◆ INSTRUCTIONS TO FOLLOW
Among the entries below, only the lines from the one with "ساماندهی صنعت پرورش" through the one with "American Toad — photo 1" are to be retyped, exactly and without pictures.

◆ RECORDS PROVIDED

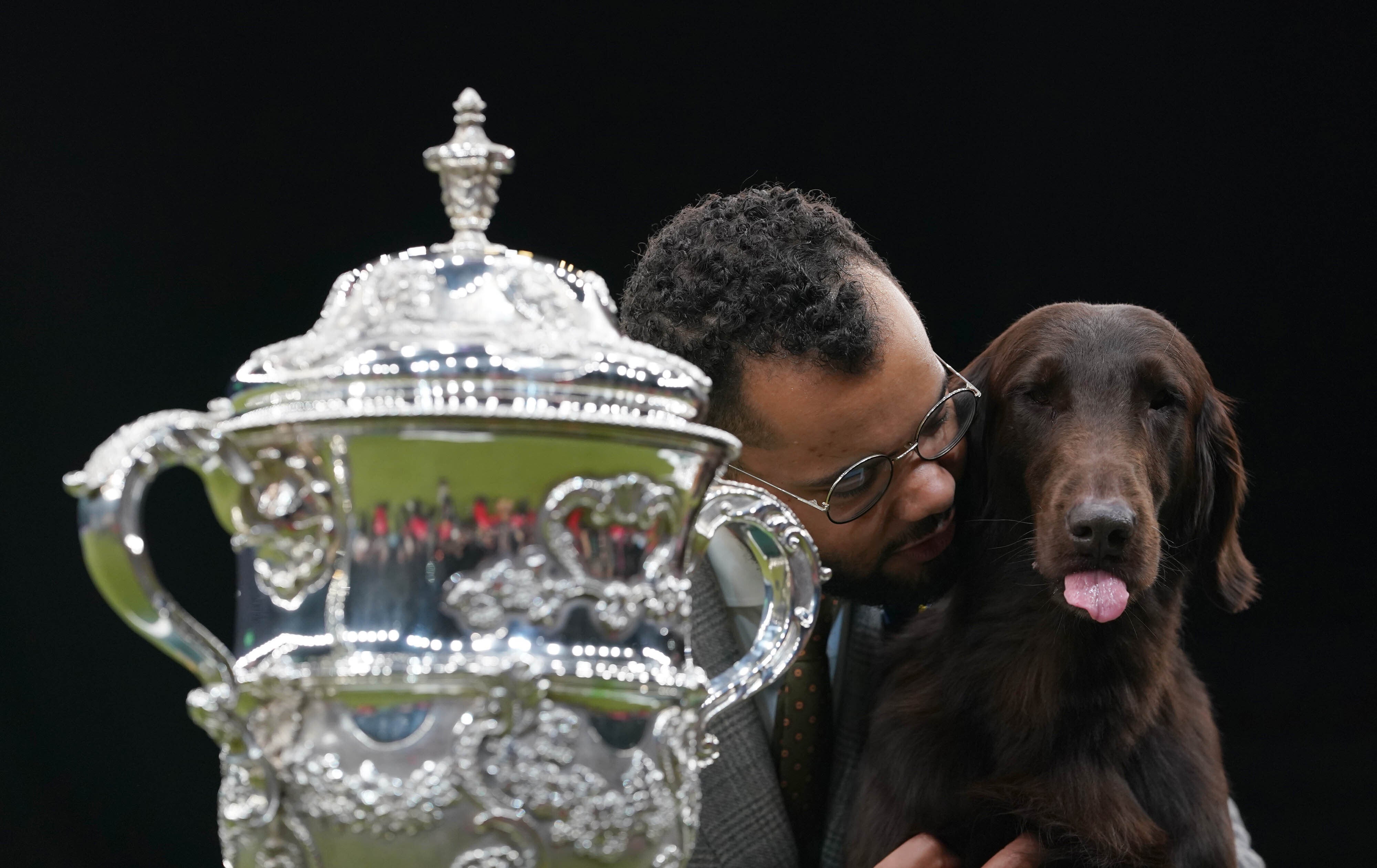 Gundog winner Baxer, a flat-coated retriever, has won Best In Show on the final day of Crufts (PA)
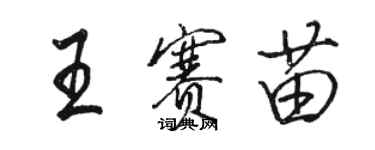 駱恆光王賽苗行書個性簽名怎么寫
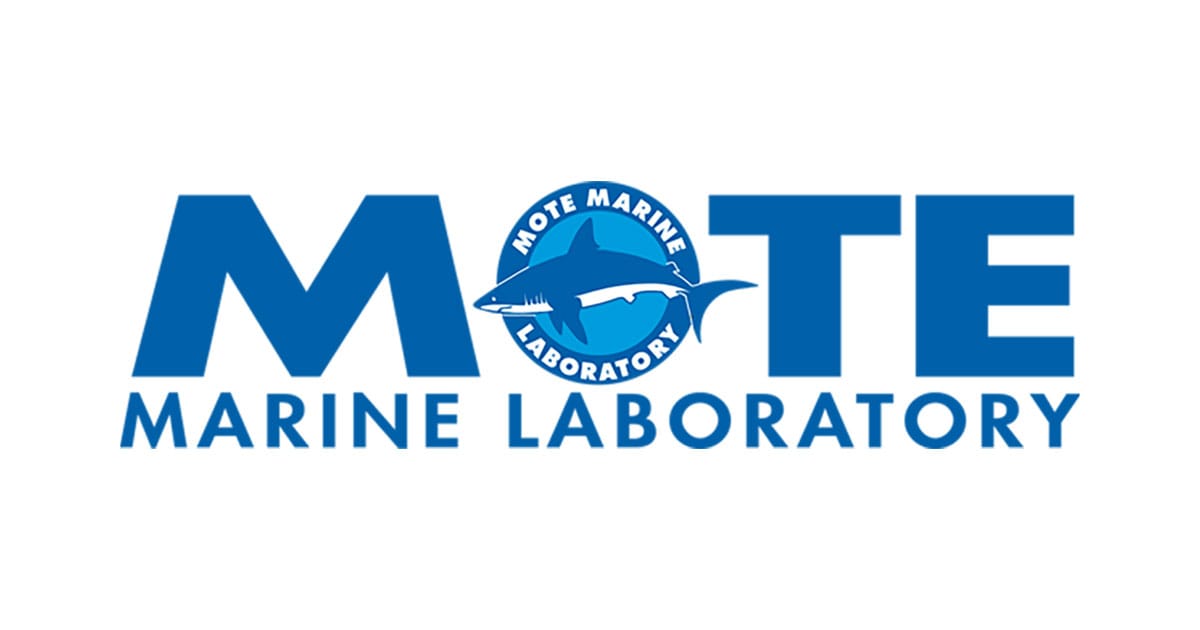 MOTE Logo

--

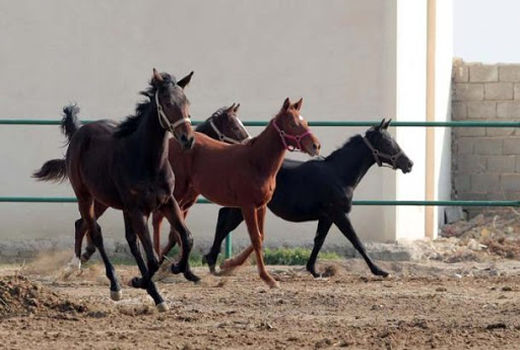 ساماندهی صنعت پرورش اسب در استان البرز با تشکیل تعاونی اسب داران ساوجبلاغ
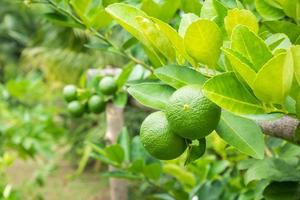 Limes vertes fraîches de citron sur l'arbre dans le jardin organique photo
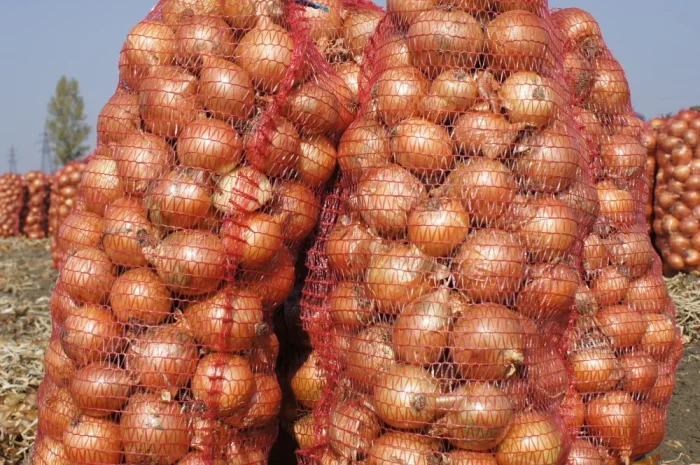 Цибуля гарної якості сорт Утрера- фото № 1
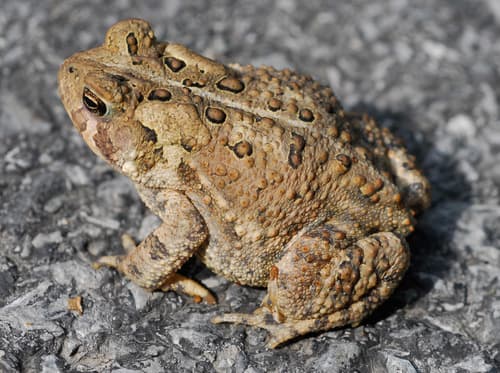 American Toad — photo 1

---

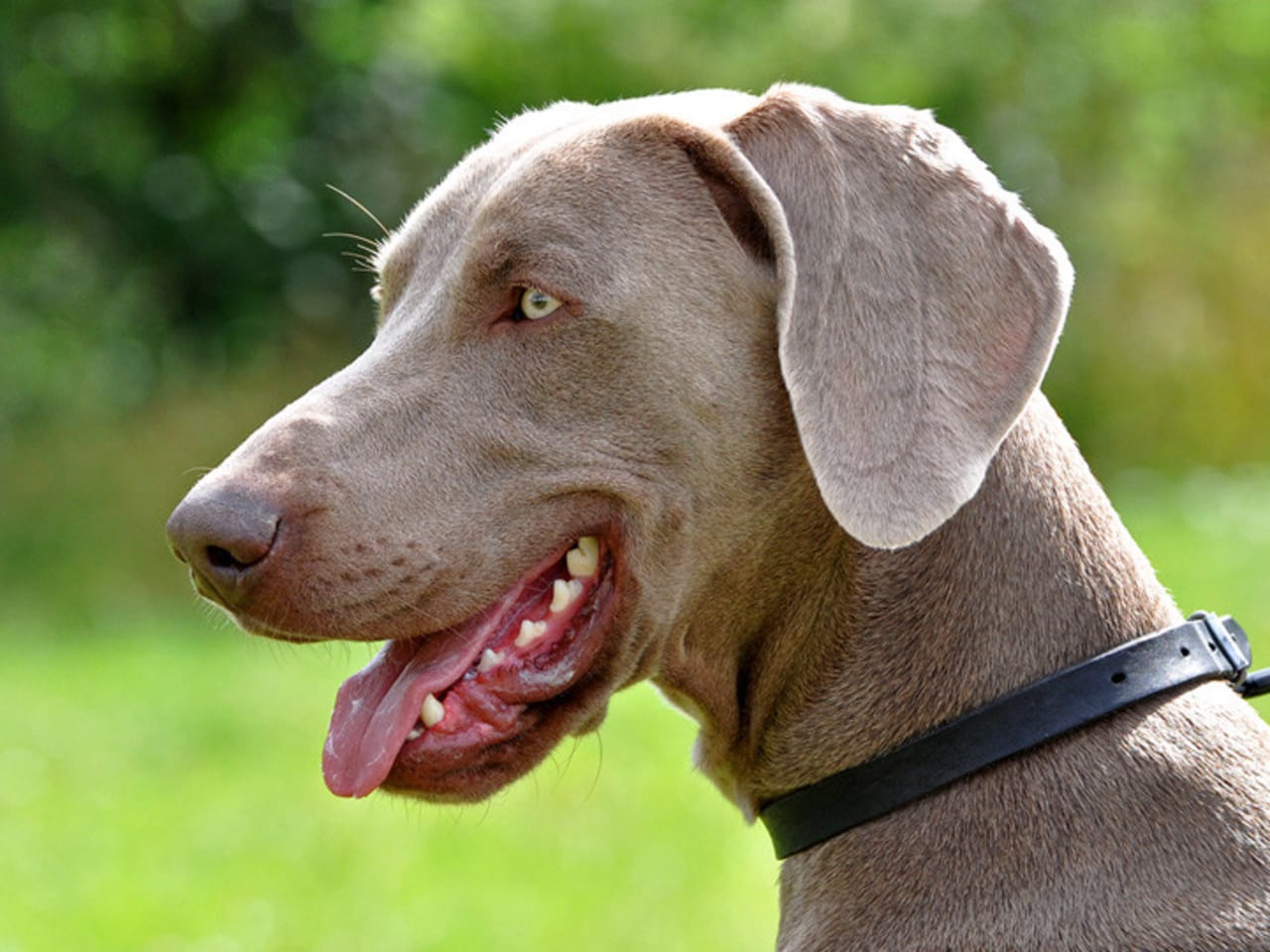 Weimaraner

◆ COMPLETED TASK
 ساماندهی صنعت پرورش اسب در استان البرز با تشکیل تعاونی اسب داران ساوجبلاغ
 Limes vertes fraîches de citron sur l'arbre dans le jardin organique photo
 Цибуля гарної якості сорт Утрера- фото № 1
 American Toad — photo 1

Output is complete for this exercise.